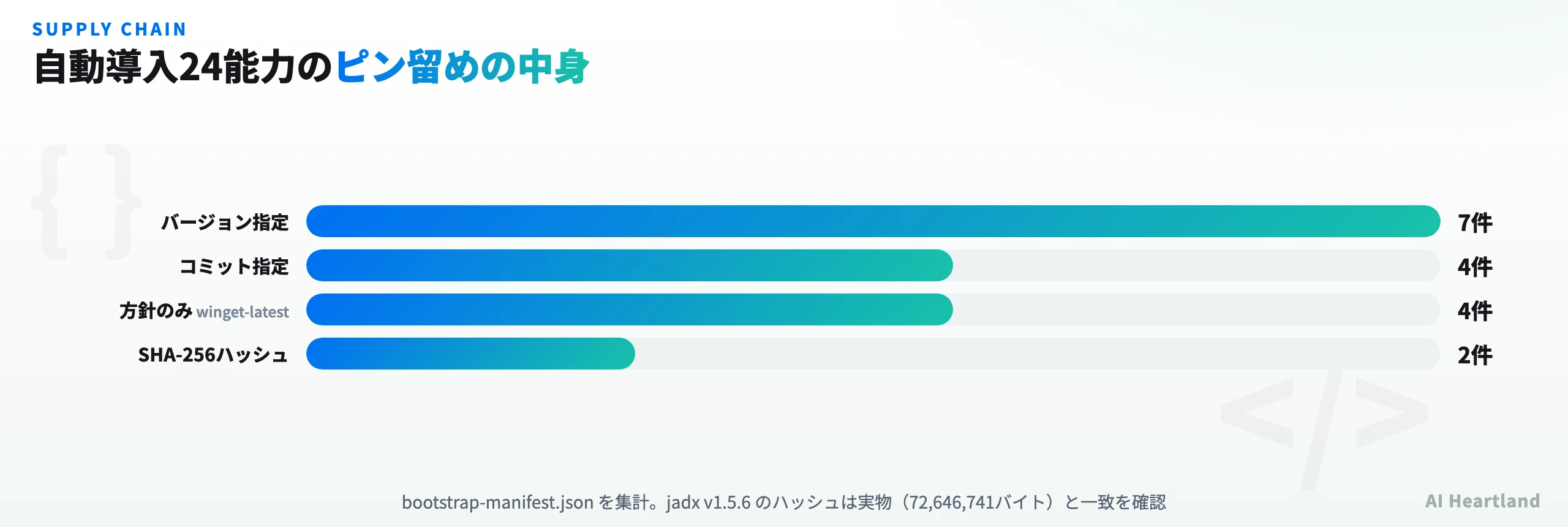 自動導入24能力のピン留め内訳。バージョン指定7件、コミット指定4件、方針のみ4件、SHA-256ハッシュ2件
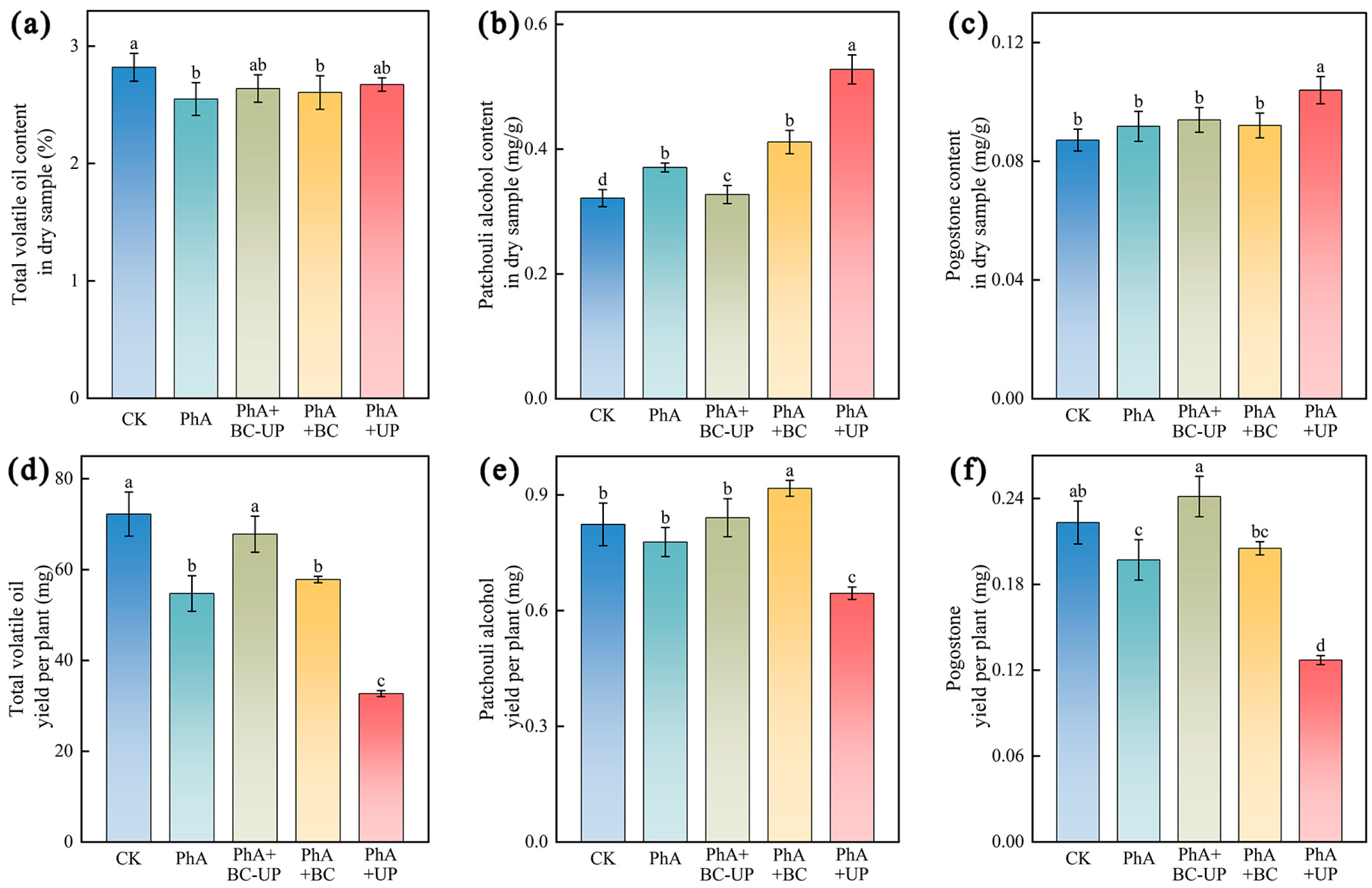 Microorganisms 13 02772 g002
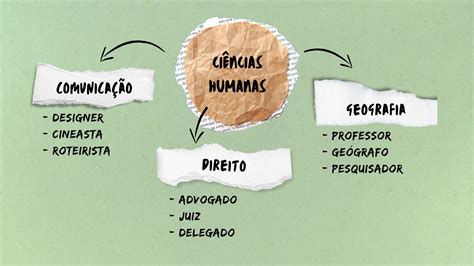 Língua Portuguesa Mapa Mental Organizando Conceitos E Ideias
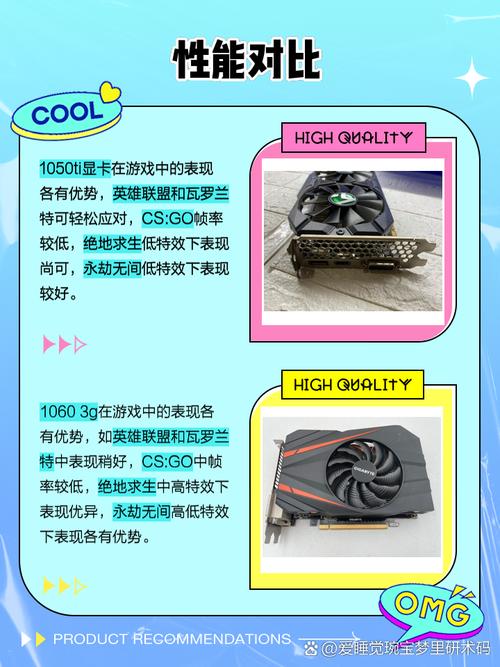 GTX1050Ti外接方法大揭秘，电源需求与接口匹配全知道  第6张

○ ○ ○ ○

_What the exercise asks:_ Repeat each line above exactly as it reads, omitting any pictures.

_Response area:_
 自動導入24能力のピン留め内訳。バージョン指定7件、コミット指定4件、方針のみ4件、SHA-256ハッシュ2件
 Microorganisms 13 02772 g002
 Língua Portuguesa Mapa Mental Organizando Conceitos E Ideias
 GTX1050Ti外接方法大揭秘，电源需求与接口匹配全知道  第6张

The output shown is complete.